Yet when I try to connect via Mozilla i get "Operation timed out when attempting to connect to www.omegafi.com"

Another example of this problem is my work network, I can ping all the ip addresses at work, but I cannot ssh, browse (web), ftp, etc. into the network.  They all fail with similar error messages.   While at work I am unable to go outside of the network.  Yes, there is a firewall.  It works transparently as a gateway for the protected machines. 

Just to put this in perspective I am able to connect to any of these networks using another computer (linux/windows) just fine.  At work I have 4 linux servers running many flavors of Linux and none of them have had this problem.  Let me know if you have any ideas, or you need additional information about what is installed on my machine.  Thanks in advance for any help in solving this.
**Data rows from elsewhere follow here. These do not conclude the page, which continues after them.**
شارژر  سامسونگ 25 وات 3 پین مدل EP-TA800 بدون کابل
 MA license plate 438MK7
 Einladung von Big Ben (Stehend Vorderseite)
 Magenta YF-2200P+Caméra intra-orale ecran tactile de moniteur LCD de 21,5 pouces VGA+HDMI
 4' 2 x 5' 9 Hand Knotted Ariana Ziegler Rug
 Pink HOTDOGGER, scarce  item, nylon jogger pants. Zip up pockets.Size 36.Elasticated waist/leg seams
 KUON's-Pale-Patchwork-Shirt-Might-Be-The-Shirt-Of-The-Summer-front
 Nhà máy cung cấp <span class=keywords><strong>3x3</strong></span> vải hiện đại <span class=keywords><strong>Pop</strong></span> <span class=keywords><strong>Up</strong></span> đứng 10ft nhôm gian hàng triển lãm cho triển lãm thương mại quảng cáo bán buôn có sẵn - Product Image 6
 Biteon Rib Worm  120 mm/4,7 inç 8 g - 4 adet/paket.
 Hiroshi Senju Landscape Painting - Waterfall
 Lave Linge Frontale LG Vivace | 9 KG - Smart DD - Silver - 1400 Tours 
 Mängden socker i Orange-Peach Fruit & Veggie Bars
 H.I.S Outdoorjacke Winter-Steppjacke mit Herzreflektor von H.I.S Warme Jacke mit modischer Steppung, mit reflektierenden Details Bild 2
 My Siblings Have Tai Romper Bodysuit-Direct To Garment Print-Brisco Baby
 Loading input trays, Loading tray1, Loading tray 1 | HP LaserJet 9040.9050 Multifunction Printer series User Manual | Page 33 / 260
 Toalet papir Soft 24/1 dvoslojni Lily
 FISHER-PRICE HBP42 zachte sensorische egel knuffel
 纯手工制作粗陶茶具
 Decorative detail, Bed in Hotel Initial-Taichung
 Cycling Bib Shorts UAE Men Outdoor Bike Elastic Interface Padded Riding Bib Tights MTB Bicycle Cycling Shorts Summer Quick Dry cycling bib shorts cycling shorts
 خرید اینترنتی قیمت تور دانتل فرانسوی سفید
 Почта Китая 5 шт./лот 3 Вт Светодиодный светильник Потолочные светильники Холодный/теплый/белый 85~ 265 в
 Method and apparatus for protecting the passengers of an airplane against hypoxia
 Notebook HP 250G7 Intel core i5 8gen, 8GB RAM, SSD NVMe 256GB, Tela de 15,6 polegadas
Just a little more info, I just noticed I also can't get to downloadfinder.intel.com and that if I try to run a traceroute anywhere (even to the machines I can get to) it fails.

----------

## metalhedd

Theres a kernel Option for "Explicit Network Congestion Nottification" or something with a similar name (sorry, i'm at work right now, so I can't check)  But I recall reading that if you have that enabled you won't be able to connect to about 10% of all sites on the internet.

----------

## paleck

 *metalhedd wrote:*   

> Theres a kernel Option for "Explicit Network Congestion Nottification" or something with a similar name (sorry, i'm at work right now, so I can't check)  But I recall reading that if you have that enabled you won't be able to connect to about 10% of all sites on the internet.

 

Leave it to me to turn on the one option that disconnects me from the internet.  Thanks for the insight, I am recompiling the kernel now.

----------

## metalhedd

and thank you for being the first person whose problem I've solved before anyone else beat me to it  :Smile: 

----------

## paleck

 *metalhedd wrote:*   

> and thank you for being the first person whose problem I've solved before anyone else beat me to it 

 

I've just finished it is working like a charm now.  Thanks again.

----------